Ki Teitzei/Deuteronomy 21:10–25:19
Seventy-four of the Torah’s 613 commandments
(mitzvot) are in the Parshah of Ki Teitzei. These include the laws of
the beautiful captive, the inheritance rights of the firstborn, the wayward and
rebellious son, burial and dignity of the dead, returning a lost object, sending
away the mother bird before taking her young, the duty to erect a safety
fence around the roof of one’s home, and the various forms of kilayim (forbidden plant and animal hybrids).
Also recounted are the judicial procedures and
penalties for adultery, for the rape or seduction of an unmarried girl, and for
a husband who falsely accuses his wife of infidelity. The following cannot marry
a person of Jewish lineage: a mamzer (someone
born from an adulterous or incestuous relationship); a male of Moabite or
Ammonite descent; a first- or second-generation Edomite or Egyptian.

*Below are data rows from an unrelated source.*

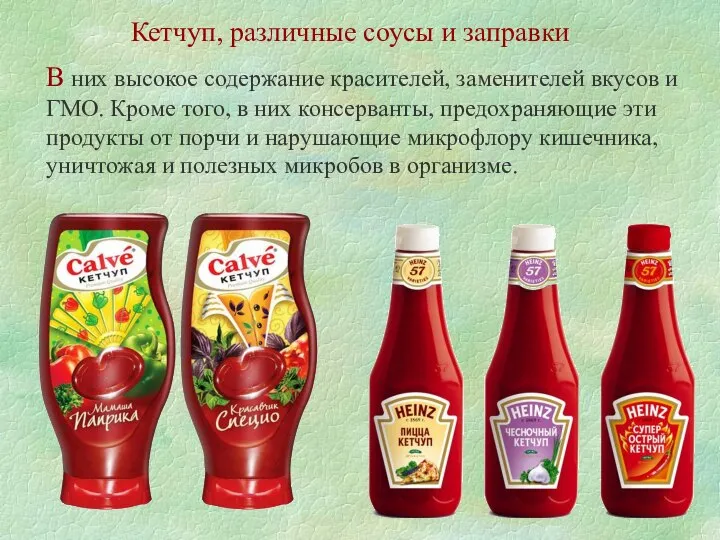 Кетчуп, различные соусы и заправки В них высокое содержание красителей, заменителей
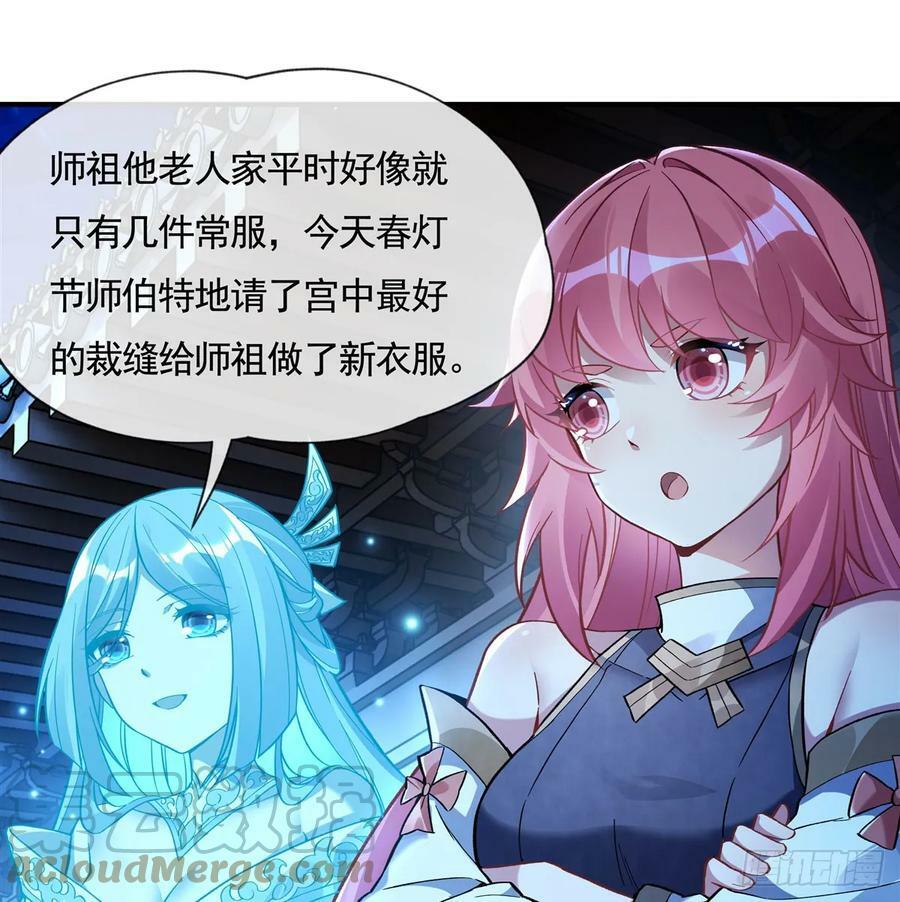 我的女徒弟们都是未来诸天大佬百度百科漫画,第163话 老爷的新装2图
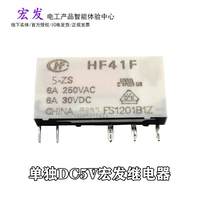 DC, ретранслятор, 5v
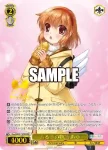 (簽名)Kka/WE50-11SP SP ある冬の物語 あゆ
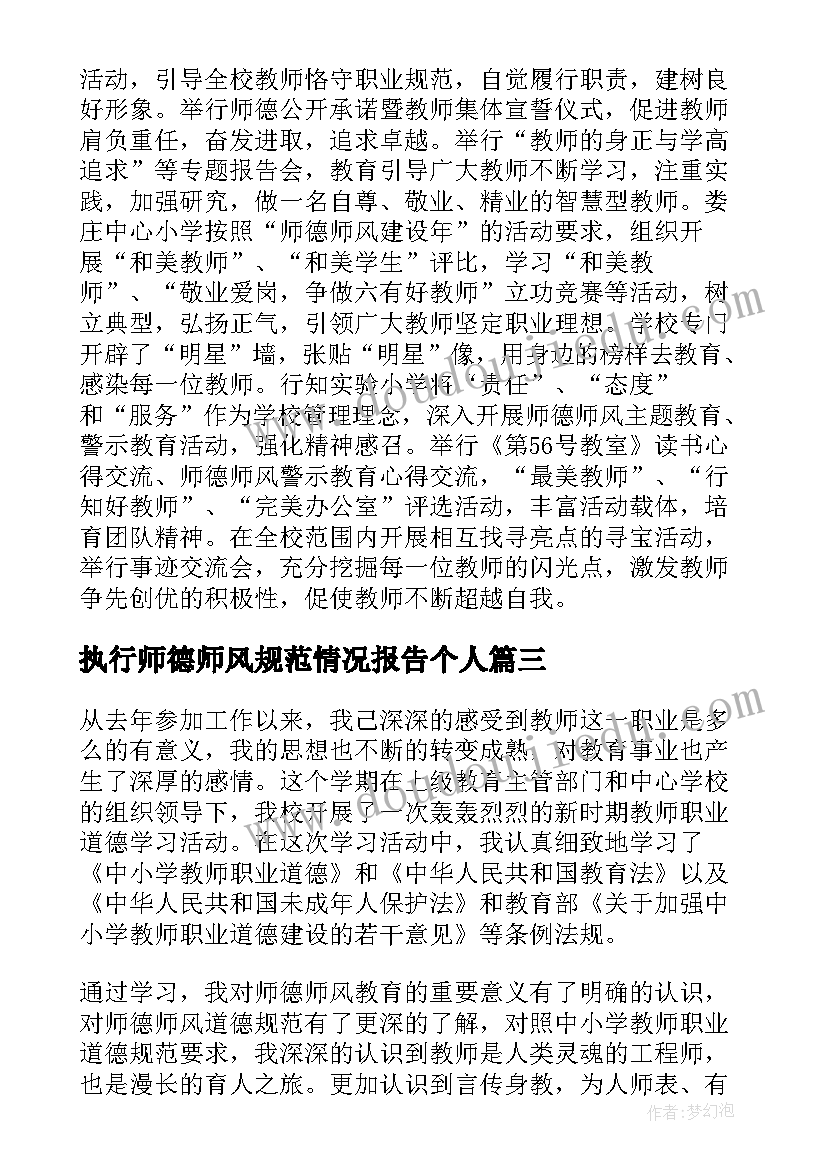 执行师德师风规范情况报告个人(通用9篇)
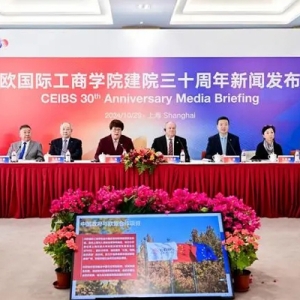 建院30年站稳全球商学院第一阵营 中欧国际工商学院持续赋能产业经济发展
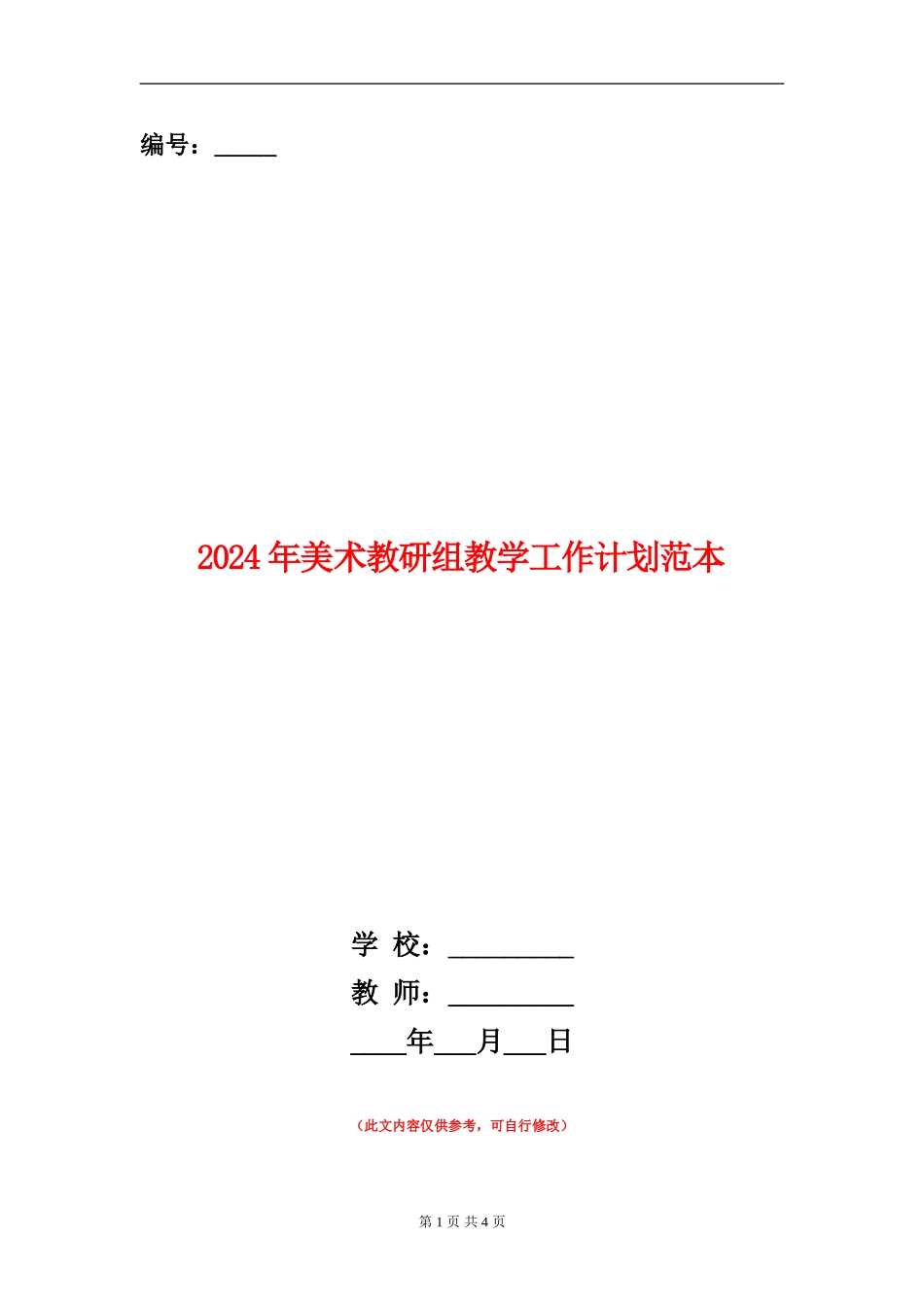 2024年美术教研组教学工作计划范本_第1页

Our Parshah also includes laws governing the purity
of the military camp; the prohibition against turning in an escaped slave; the
duty to pay a worker on time, and to allow anyone working for you—man or
animal—to “eat on the job”; the proper treatment of a debtor, and the
prohibition against charging interest on a loan; the laws of divorce (from which
are also derived many of the laws of marriage); the penalty of thirty-nine
lashes for transgression of a Torah prohibition; and the procedures foryibbum (“levirate marriage”) of the wife of a
deceased childless brother, or chalitzah (“removing of the shoe”) in the case that
the brother-in-law does not wish to marry her.
Ki Teitzei concludes with the obligation
to remember “what Amalek did to you on the road, on your way out of Egypt.”